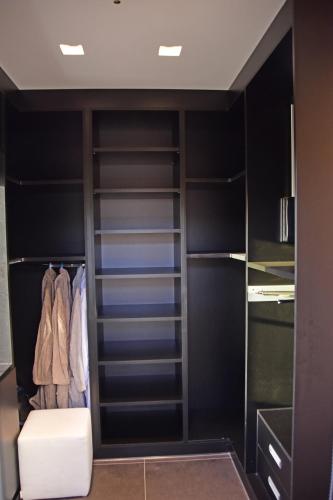 a closet with black shelves and a white stool at White and Black Aegina in Áyioi Asómatoi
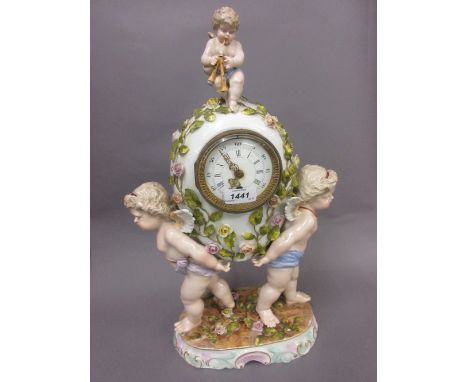 19th Century Continental porcelain floral encrusted mantel clock, supported by two figures of winged cherubs, having  circula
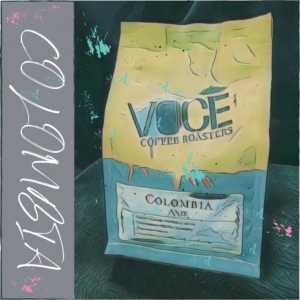 A bag of coffee in a comic drawn style. splatters of Blue, pink and speckles of black paint dot the image. The word "Colombia" written in a scribbled font down the side in a grey background.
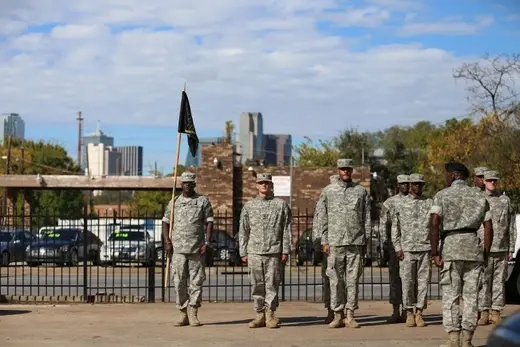 Soldiers in formation outside The Men of Nehemiah sober living home in Dallas.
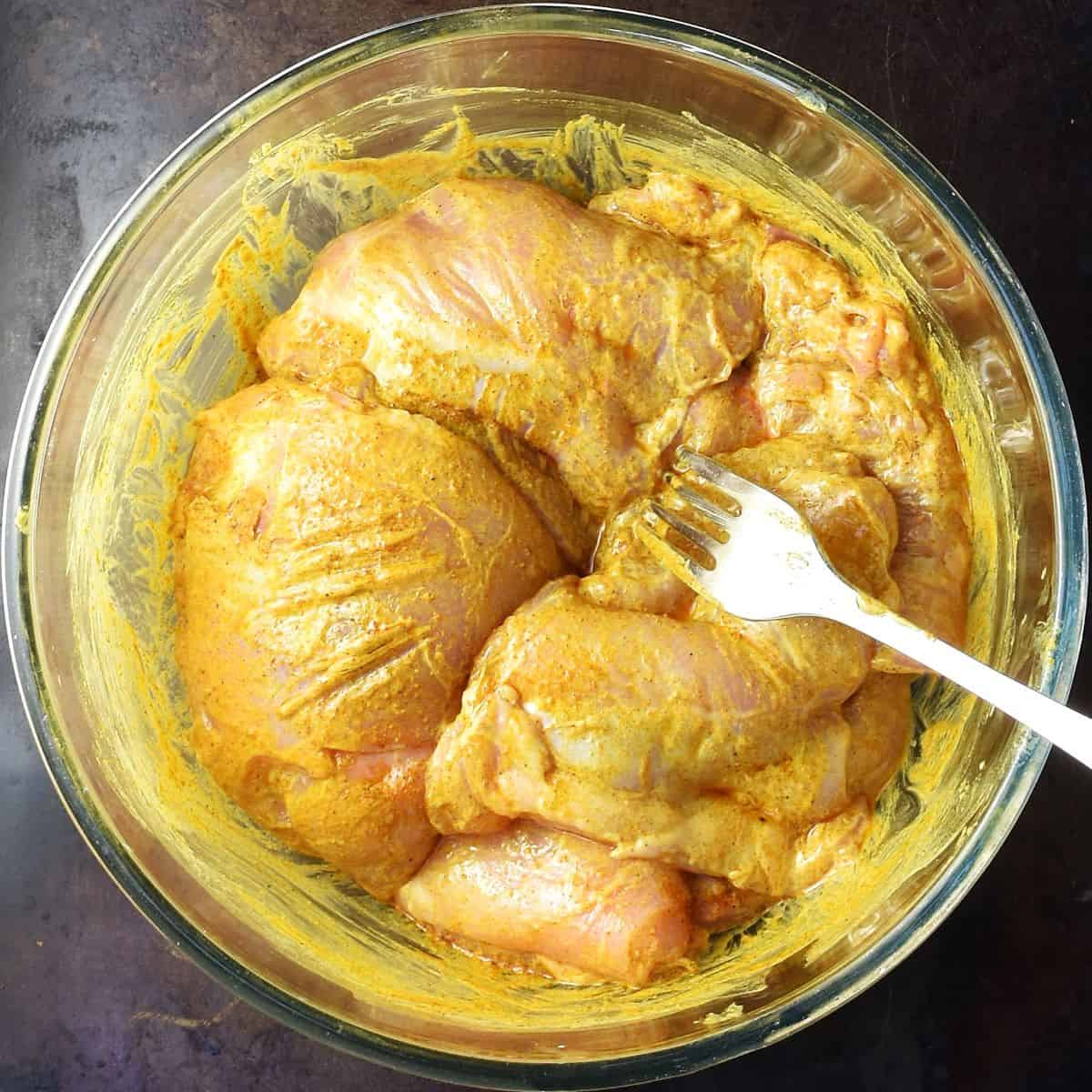 Skinless chicken thighs coated in spices with fork in glass bowl.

### Directions for this task
Looking above, find the stretch of lines that opens with the one holding "A bag of coffee" and closes with the one holding "Soldiers in formation". Copy it exactly, pictures excluded.

### Answer space
 A bag of coffee in a comic drawn style. splatters of Blue, pink and speckles of black paint dot the image. The word "Colombia" written in a scribbled font down the side in a grey background.
 Soldiers in formation outside The Men of Nehemiah sober living home in Dallas.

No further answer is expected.